What do you mean by depth first vs breadth first? Naively I would assume task sc...

StefanKarpinski · on July 24, 2019

Consider a machine with N cores running a program which spawns N parallel tasks, each of which in turn spawns N parallel tasks. Which subtasks do the cores work on initially? If it's the first subtask of each top-level task, that's breadth-first scheduling. If it's all N subtasks of the first top-level task, that's depth-first scheduling. The latter is better for high-performance computing because it tends to be the lower level libraries that are really carefully tuned to make optimal use of the machine (think BLAS/FTT/parallel sum/prefix sum).

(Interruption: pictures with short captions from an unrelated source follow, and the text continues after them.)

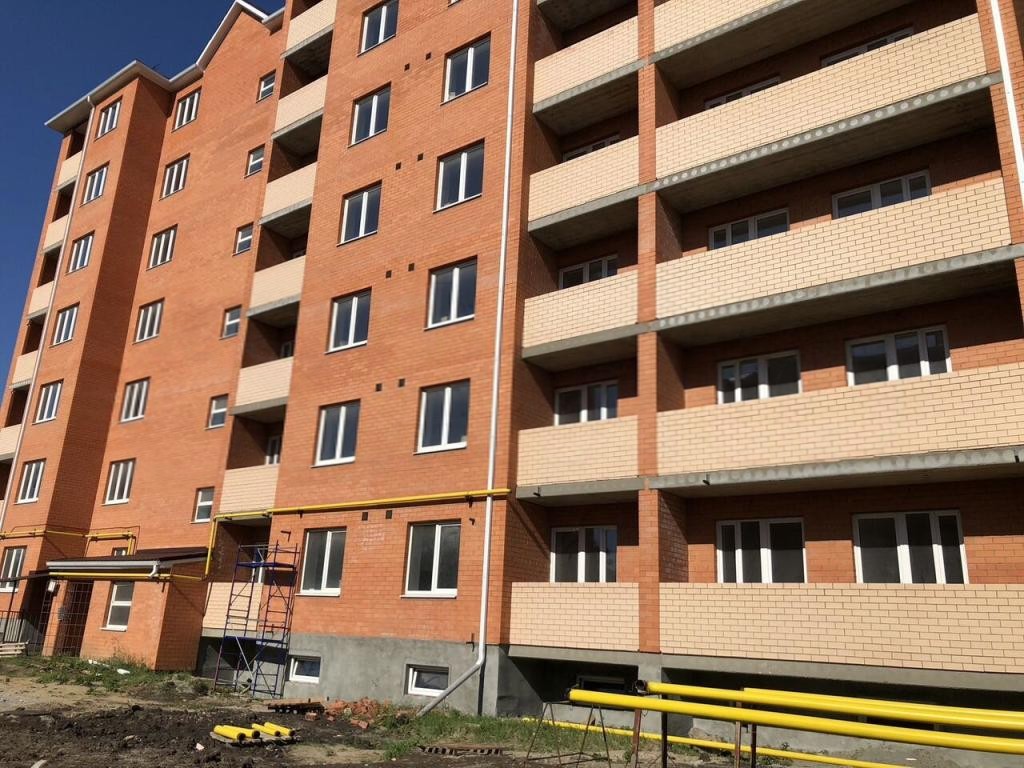 3-комн. квартира, 82.6 м² — фото 3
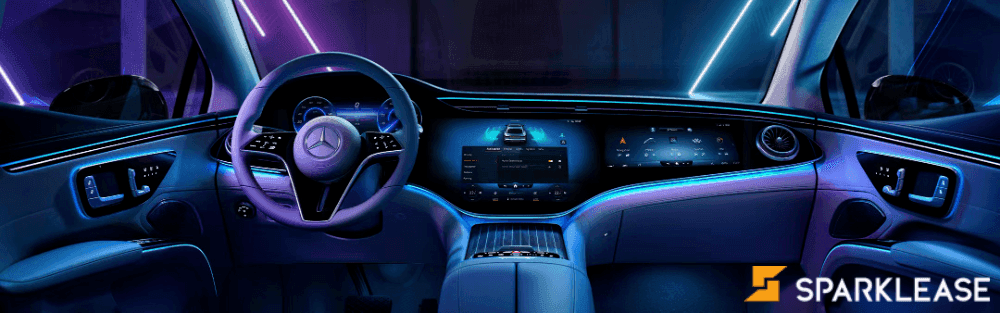 2022 Mercedes-Benz EQS580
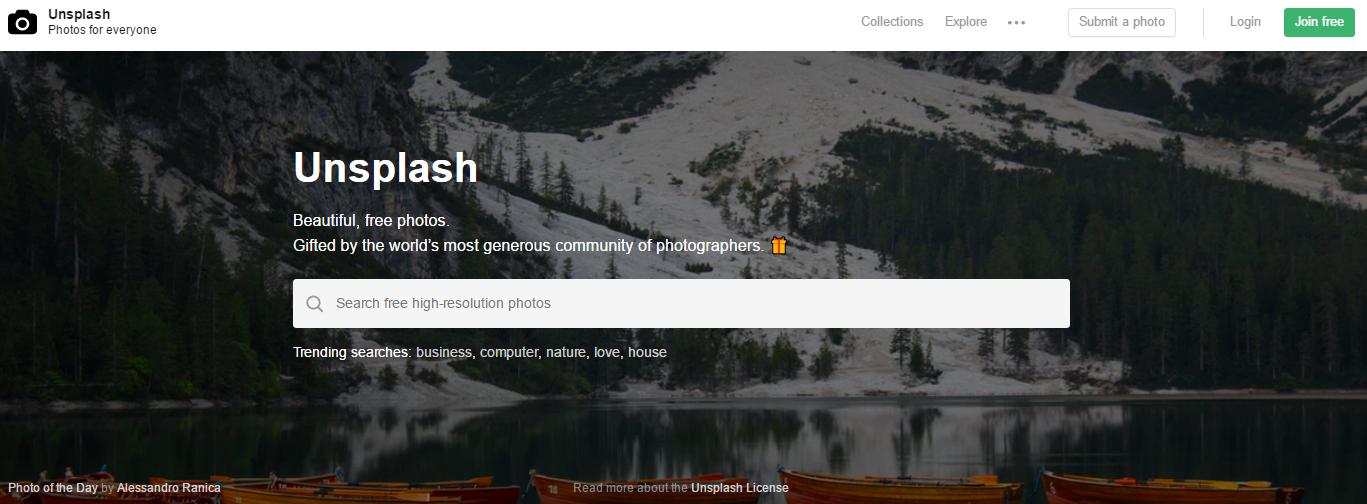 最全的高清图片网站,免费高清图片的网站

Previously it was unknown how to implement this kind of scheduling efficiently. See this talk by Kiran Pamnany for more details:

https://www.youtube.com/watch?v=YdiZa0Y3F3c

dwohnitmok · on July 24, 2019

Ah I see what you mean! I really hate to pile on with the Haskell observation but the 1995 paper by Blelloch that is mentioned in that talk is exactly the heart of GHC's data parallelism as well (under the name nested data parallelism).

See slide 8 here: https://www.microsoft.com/en-us/research/wp-content/uploads/...

Later versions of Blelloch's language are referred to in other parallel Haskell papers.

FWIW I think this is nonetheless fantastic news for Julia! It's certainly poised to do great work in areas that I doubt will get any Haskell traction anytime soon (if ever) for good reasons.

EDIT: Interesting, I think Julia is taking a coarser grained approach here that breaks down a bit for irregularly balanced execution trees, but relies less on fusion (i.e. doesn't use fusion at all) which is nice. I'm curious to see how this particular implementation of the "depth first" idea goes!

EDIT EDIT: Actually I'm not sure how much fusion is necessary for GHC's approach... Time to investigate more closely. Also call out to anyone more familiar with Data Parallel Haskell to chime in. I'm getting out of my depth.

StefanKarpinski · on July 25, 2019

I'm not surprised that Haskell supports this kind of parallelism, although I wasn't aware of it previously. After all, if you're going to the trouble of being that pure, why not be parallel?